The article is a collection of interesting results.

The authors deliver results in large quantities, but what is lacking is to highlight what these results bring back that is innovative compared to what exists in the bibliography. Authors are encouraged to compare their results with other articles and therefore amend this version and propose a new one.

R: Thank you for the suggestion. We agree with this suggestion and the novelty and significance of the present have been highlighted in the last paragraph of the introduction section as follows:

The novelty of this study is the use of full iron tailings concrete (FITC), which was produced using iron tailings powder as an admixture, iron tailings gravel as a coarse aggregate and iron tailings sand as a fine aggregate. In addition, to the best of our knowledge, this is the first report in the literature to investigate the structural behaviour of FITRC columns under large eccentric loads. To comprehensively evaluate the characteristics and limitations of FITRC columns in order to provide a theoretical basis for the large-scale use of iron tailings. We believe that this study can be of practical significance to structural engineers in China.

 

In the results and discussion, we added one latest relevant reference on the mechanical behaviour of iron tailings reinforced concrete specimens, and compared the results of this study with those of two relevant references.

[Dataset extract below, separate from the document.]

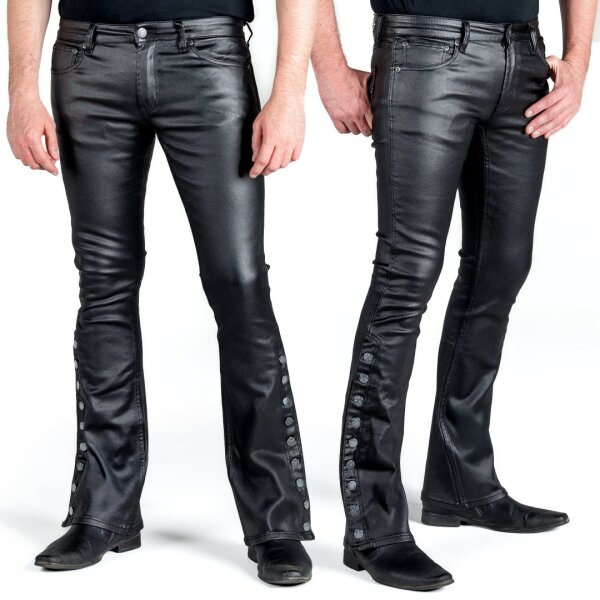 WORNSTAR Hellraiser Side Button Waxed Denim Jeans - Black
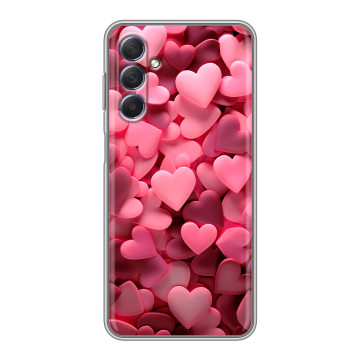Силиконовый чехол на Samsung Galaxy M54 с принтом розовые сердечки Силиконовый чехол на Samsung Galaxy M54 с принтом розовые сердечки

In section 3.1( Failure modes and crack propagation) of the manuscript, the reads as follows:

The failure modes of FITRC and CRC columns under large eccentric loads are essentially similar, and the failures of all specimens were manifested by longitudinal bar yielding in the tension zone, followed by concrete crushing in the compression zone (Figure 8). The eccentricity of the FITRC45 and CRC45 columns were 0.60 and those of the FITRC35 and CRC35 columns were 0.70. In a previous study [55], the eccentric compressive behaviour of iron tailings sand RC columns was investigated and similar results were obtained.

The literature [55] reports the use of iron tailings sand only as fine aggregate. In this study, full iron tailings concrete (FITC) was developed using iron tailings. The concrete raw materials consisted of finely ground iron tailings powder as an admixture, and iron tailings gravel and sand as coarse and fine aggregates, respectively.

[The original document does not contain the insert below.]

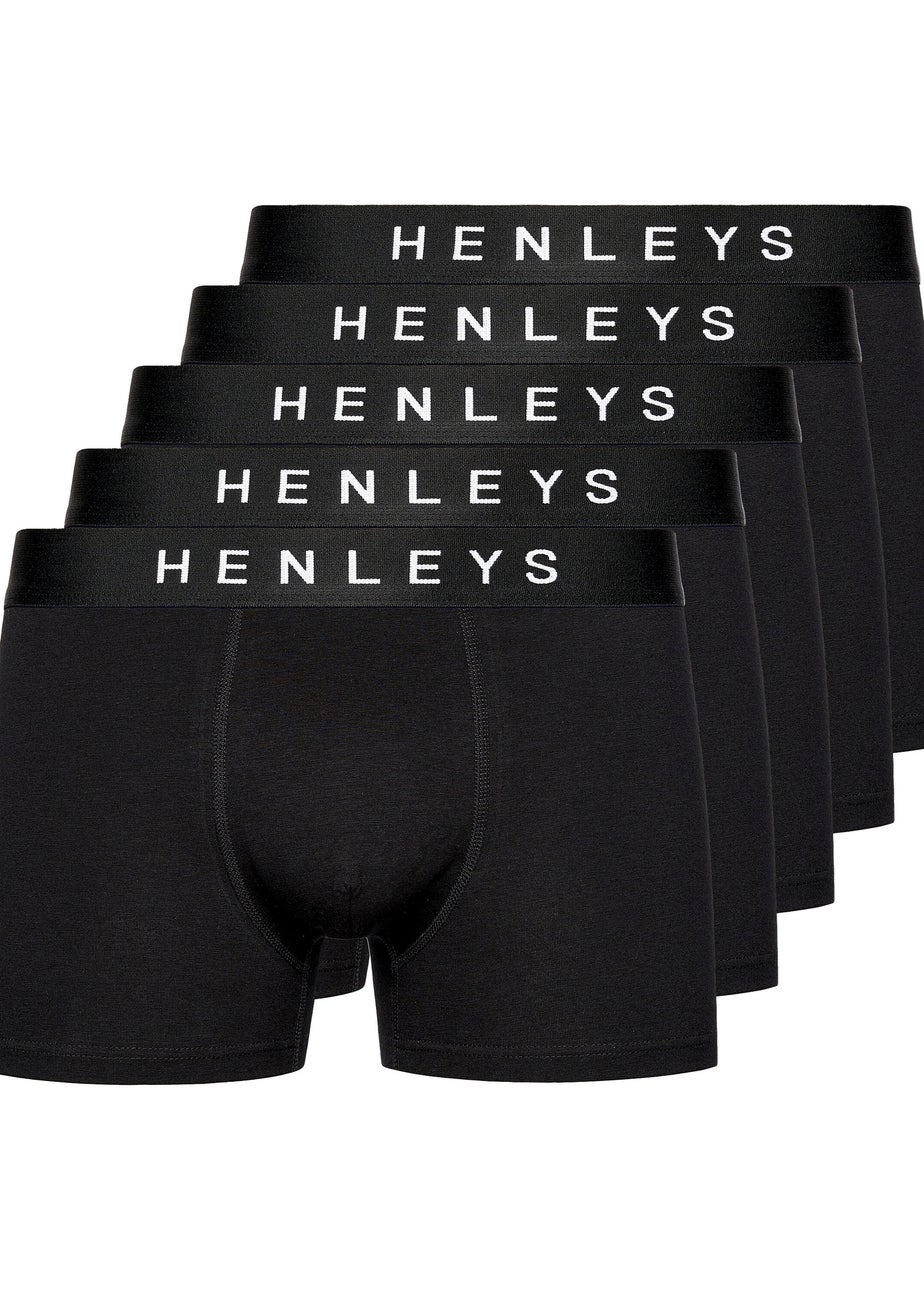Henleys Black Coalink Boxers 5 pack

In section 3.3( Deformation and Ductility) of the manuscript, the reads as follows:

Table 8 shows that the mean ductility factor of the three FITRC45 and FITRC35 columns is 1.78 and 2.82, respectively, and the ductility factors relative to the CRC45 and CRC35 columns are reduced by 36.6% and 19.5%, respectively. Therefore, an increase in section size and eccentricity reduces the difference in ductility between FITRC35 and CRC35 columns. A previous study [52] examined the axial compressive properties of full iron tailings RC columns and found that the ductility coefficients of FITRC columns were also lower than those of CRC columns.

The literature [52] only emphasises the axial compressive properties of the specimens. In this study, both the compressive and flexural properties of the specimens are specifically investigated.

Reference

52.Ma, X.; Sun, J.; Zhang, F.; Yuan, J.; Meng Z. Experimental studies and analyses on axial compressive properties of full iron tailings concrete columns. Case Stud Constr Mat 2023, 18, e1881. https://doi.org/https://doi.org/10.1016/j.cscm.2023.e01881.

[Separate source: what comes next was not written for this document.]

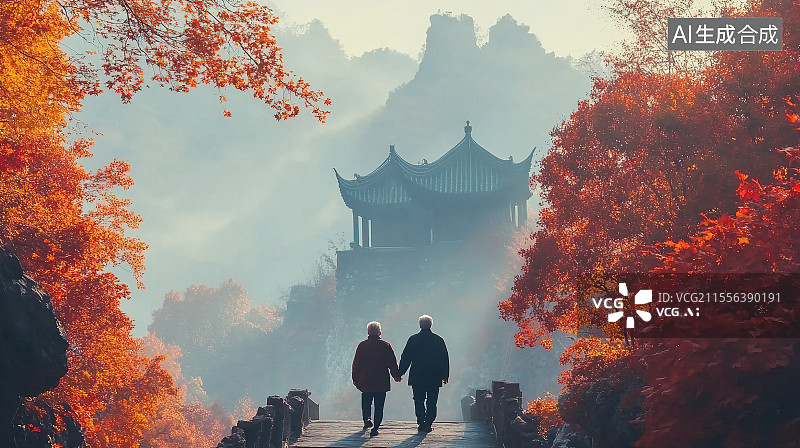 【AI数字艺术】重阳节漫山红叶老人夫妇携手登高远眺图片素材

55.Yan, P. Experimental study on mechanical behaviour of high performance iron tailing concrete columns. MEng dissertation. Hebei University of Architecture, Zhangjiakou, China, 2017. https://doi.org/10.27870/d.cnki.ghbjz.2017.000013.

Author Response File: Author Response.pdf

Reviewer 2 Report

The manuscript concerns the usage the full iron tailings concrete as a structural concrete in RC columns. The topic of this research is important due to the fact that the iron tailings constitute huge amount of waste during separating process of iron-rich particles. Using the iron tailings in concrete (as coarse and fine aggregate and cement replacement powder) can reduce the problem of storage of this wase material.

 The quality of the manuscript is very good. I have some minor suggestions for the Authors to consider in the revised version of the manuscript

 1. The title of the manuscript is misleading. The Authors carried their research in the short-term loading conditions (both for the concrete specimens and for the columns). Therefore, I suggest introducing in the title, and then underline it in abstract that all the findings in manuscript are pertinent to short-term loadings. The title can be changed in the following way: “Evaluating the mechanical behaviour of reinforced concrete columns comprising full iron tailings under large eccentric short-term loading”.

2. I suggest introducing in Conclusions that the FITC concrete columns was tested under short-term loading and additional research is needed in order to describe its long-term behaviour (creep, shrinkage).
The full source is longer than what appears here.